Monday showed that our markets might be able to walk with European lingering problems after all. Did the global markets become so sensitive, that a simple decline in Spain's $7.3 billion borrowing costs could be the catalyst for the Dow remaining above 12,000? This is not only discouraging, but it's pathetic. I don't know about the rest of the investors, but I gave more emphasis to the housing starts and the rising building permits. Builders reported on 685,000 new homes, which was a 9.3% increase from October. Building permits surged 5.7%, which was mainly due to the increase in apartment construction.
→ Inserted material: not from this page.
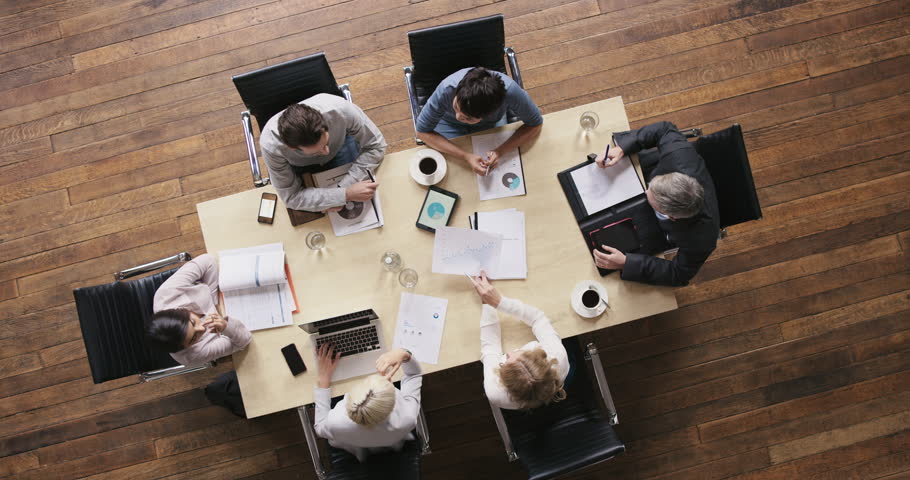 Top view diverse business people meeting at boardroom table discussing financial report using graphs and big data in trendy shared office space Royalty-Free Stock Footage #12707153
This fresh confidence mixed with the recent Black Friday record breaking surge of 6.6% in sales makes me anxious to see the upcoming holiday shopping figures.
While everyone's eyes were glued to Materials Select Sector SPDR (XLB), I went through a list of builders that were boasting solid intraday gains: Toll Brothers Inc. (TOL), D.R. Horton, Inc. (DHI), Lennar Corp. (LEN), PulteGroup, Inc. (PHM), Beazer Homes USA, Inc. (BZH), and Hovnanian Enterprises Inc. (HOV).
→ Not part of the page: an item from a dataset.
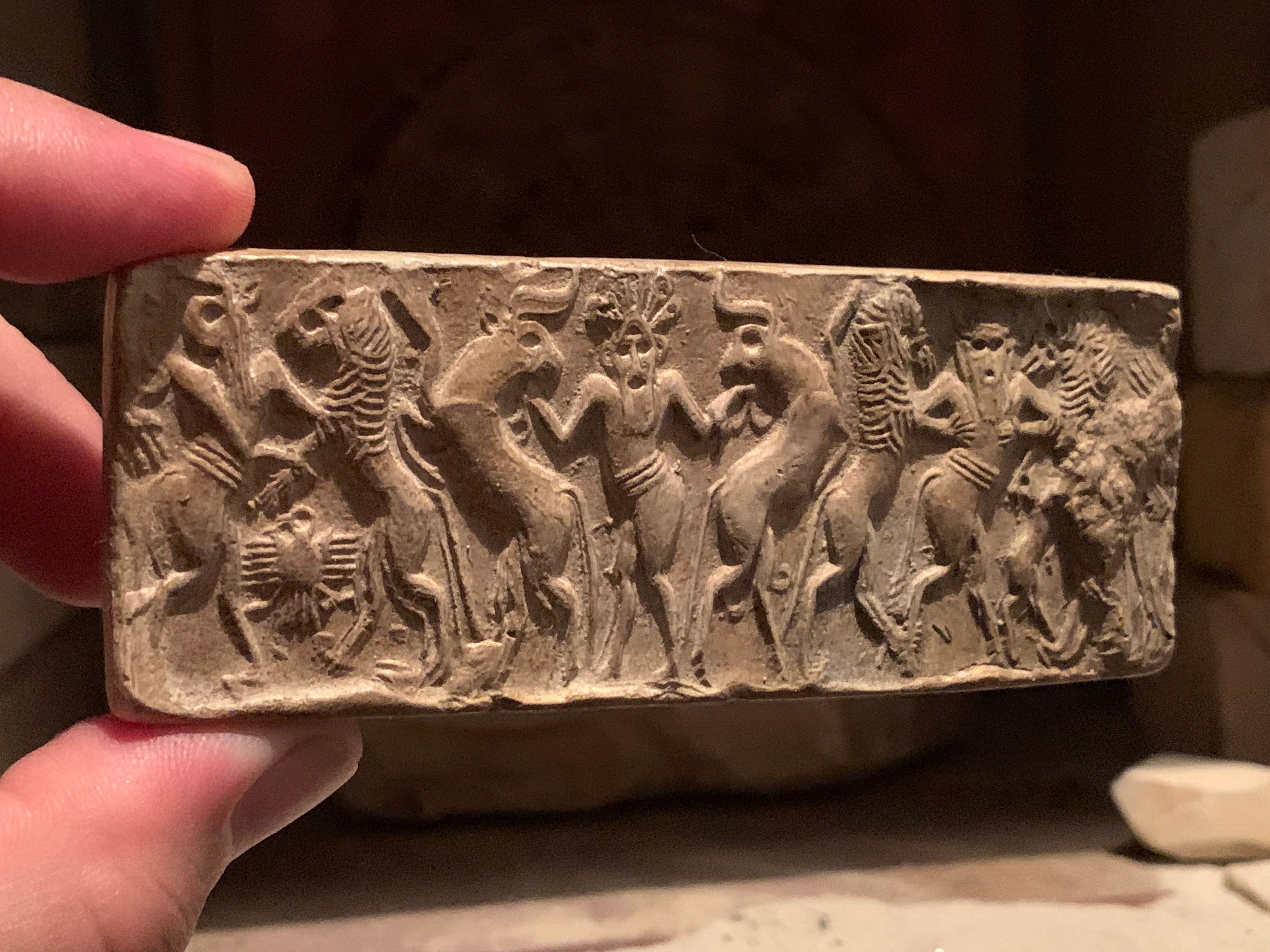 Sumerian cylinder seal impression Master of animals. Museum replica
|Company / Monday's Gain||Market Cap||EPS (ttm)||Forward P/E (ttm)||PEG||Past 5 Year EPS Growth Rate||Volatility Risk vs. S&P (Beta)|
|Toll Brothers (+6.44%)||$3.43 Bill.||$0.24||53.4||9.6||-43.67%||11% Riskier than S&P (Beta 1.11)|
|D.R. Horton (+5.70%)||$3.93 Bill.||$0.23||26.4||3.5||-43.46%||9% Riskier than S&P (Beta 1.09)|
|Lennar Corp. (+6.32%)||$3.68 Bill.||$0.48||28.5||1.5||-42.52%||71% Riskier than S&P (Beta 1.71)|
|Pulte Group, Inc. |
|$2.4 Bill.||$-1.03||32.7||-2.21||-16.51%||22% Riskier than S&P (Beta 1.22)|
|Beazer Homes USA, Inc. (+15.09%)||$184.44 Mill.||$-2.71||-1.6||n/a||-32.56%||342% Riskier than S&P (Beta 4.42)|
|Hovnanian Enterprises (+18.11%)||$142.51 Mill.||$-2.88||-0.9||n/a||-66.28%||189% Riskier than S&P (Beta 2.89)|
From a basic glance at the 5 year EPS growth rates across the board, it doesn't take a rocket scientist to figure out that the industry as a whole is still far from recovery. The aforementioned numbers look awful since there is a negative sign next to every percentage. The end of 2011 will mark the 5 year anniversary of the subprime crisis mess, although in some parts of the country the decline in housing prices began a little earlier. I truly want to see a modest housing recovery in 2012, followed by a rush of investment property purchases in 2013 when bargain hunters with plenty of hoarded cash come out to play after seeing a bottom. 100% financing is history, which means now we have more renters than buyers. Henceforth, a surge in rental property purchases is expected and it's already happening in California, Florida and Texas, the largest housing markets.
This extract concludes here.